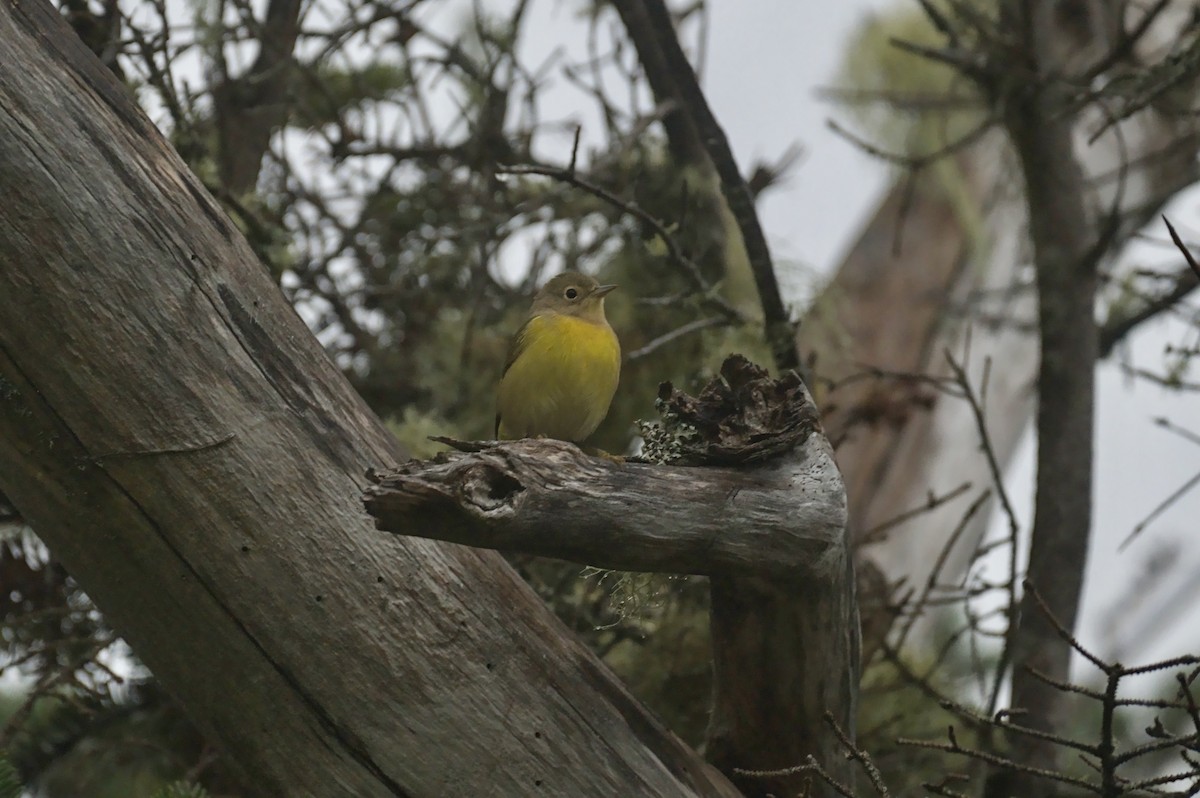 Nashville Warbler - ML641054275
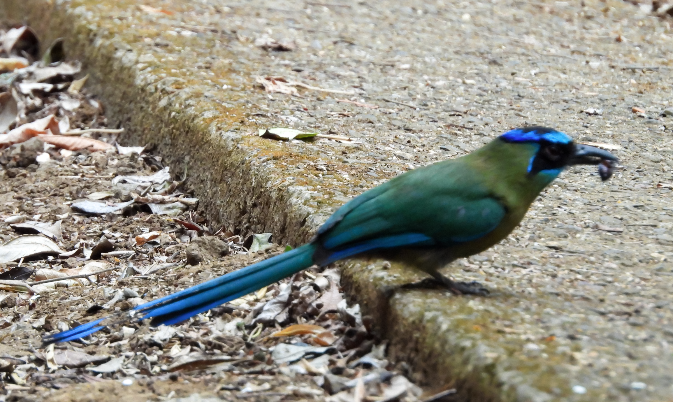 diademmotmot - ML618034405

* * *

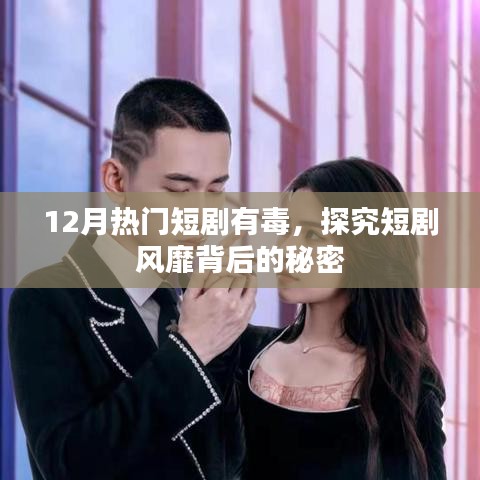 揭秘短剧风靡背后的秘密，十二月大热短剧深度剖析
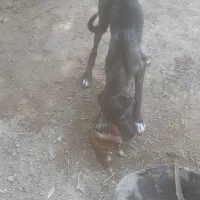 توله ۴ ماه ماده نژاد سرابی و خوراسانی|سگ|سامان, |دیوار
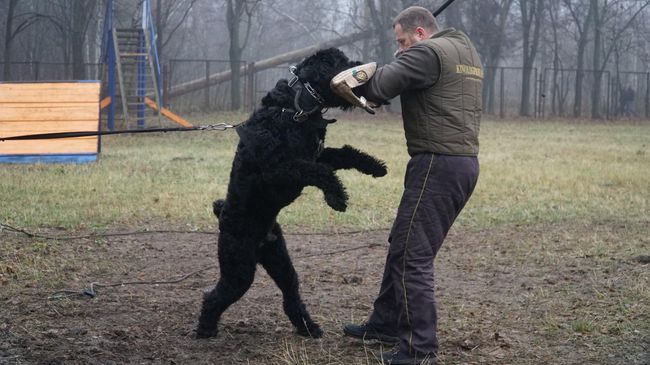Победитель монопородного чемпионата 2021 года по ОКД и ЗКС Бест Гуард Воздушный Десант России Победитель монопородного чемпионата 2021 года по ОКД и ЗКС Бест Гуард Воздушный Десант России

...

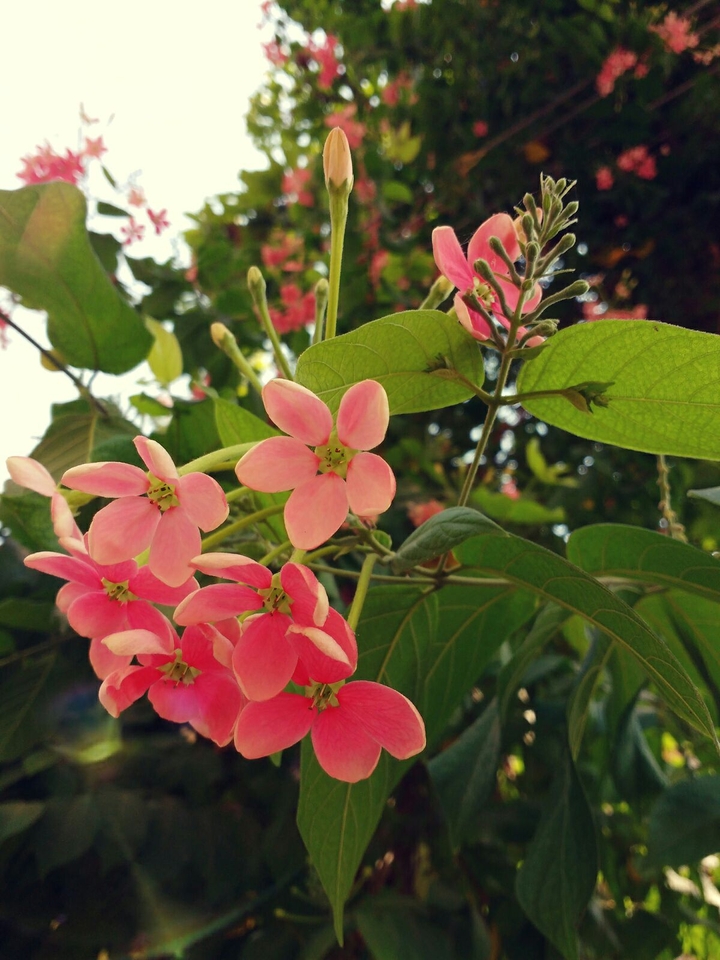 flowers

The task — Look above for the line with "Nashville Warbler - ML641054275" and the line with "diademmotmot - ML618034405". Output those two and everything between them exactly, pictures excluded.

Solution to the problem —
 Nashville Warbler - ML641054275
 diademmotmot - ML618034405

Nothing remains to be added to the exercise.